Eine weitere große Baustelle ist die Einbindung Casemiros. Durch das häufige Fallenlassen von Kroos und Modric, hat dieser bisher kaum Aufgaben im Aufbauspiel. Zieht man in Betracht, dass die langen Bälle, die Real (oft aus der Not heraus) spielt, durchaus Gefahr bringen (vor allem wegen der technischen und physischen Stärken der Sturmreihe und den Passfähigkeiten von Kroos und Modric). Interessant wäre daher, wenn Casemiro sich sehr hoch positioniert, um dann zweite Bälle direkt abfangen zu können.

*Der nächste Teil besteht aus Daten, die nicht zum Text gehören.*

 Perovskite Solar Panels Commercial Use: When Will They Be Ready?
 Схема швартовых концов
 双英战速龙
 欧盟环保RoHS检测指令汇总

Alternativ könnte man über Halbraum- und Flügelkombinationen und Dreiecksspiel (Kroos-Marcelo-Cristiano, Modric-Carvajal-Bale) Dynamik und somit Gefahr erzeugen. Rechts könnte Benzema dabei als Unterstützung dienen. Dadurch könnte man Casemiro eine passende Rolle zuteilen, und zudem die Stärken von Modric, Kroos aber auch Benzema im Passspiel nutzen. Fraglich ist dabei natürlich, ob die hohe Positionierung mit der eigentlich defensiven Rolle Casemiros kompatibel ist. Vorteilhaft für die Besetzung dieser Position als Bindeglied zwischen Abwehr/Mittelfeld und Angriff – aber zulasten der defensiven Stabilität – wäre es natürlich, anstatt Casemiro Isco oder James aufzustellen.
So könnte das eben beschriebene Grundschema bei eigenem Ballbesitz ausschauen.

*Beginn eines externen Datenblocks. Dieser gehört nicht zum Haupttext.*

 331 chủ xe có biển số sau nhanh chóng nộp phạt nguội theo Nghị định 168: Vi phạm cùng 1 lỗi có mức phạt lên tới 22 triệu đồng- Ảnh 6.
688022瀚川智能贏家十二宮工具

Spielt man gegen Mannschaften, die selbst gerne das Spiel dominieren, kommen die eigenen Probleme im Aufbauspiel nicht übermäßig zum Tragen – wie beim Sieg gegen den FC Barcelona vor wenigen Wochen. Sollte es aber der Anspruch von Zidane sein, einen – ähnlich dem Juego de Posicion – ballbesitz- und dominanzorientierten Spielstil bei Real zu prägen, bleibt noch viel Arbeit für den Trainer der Königlichen.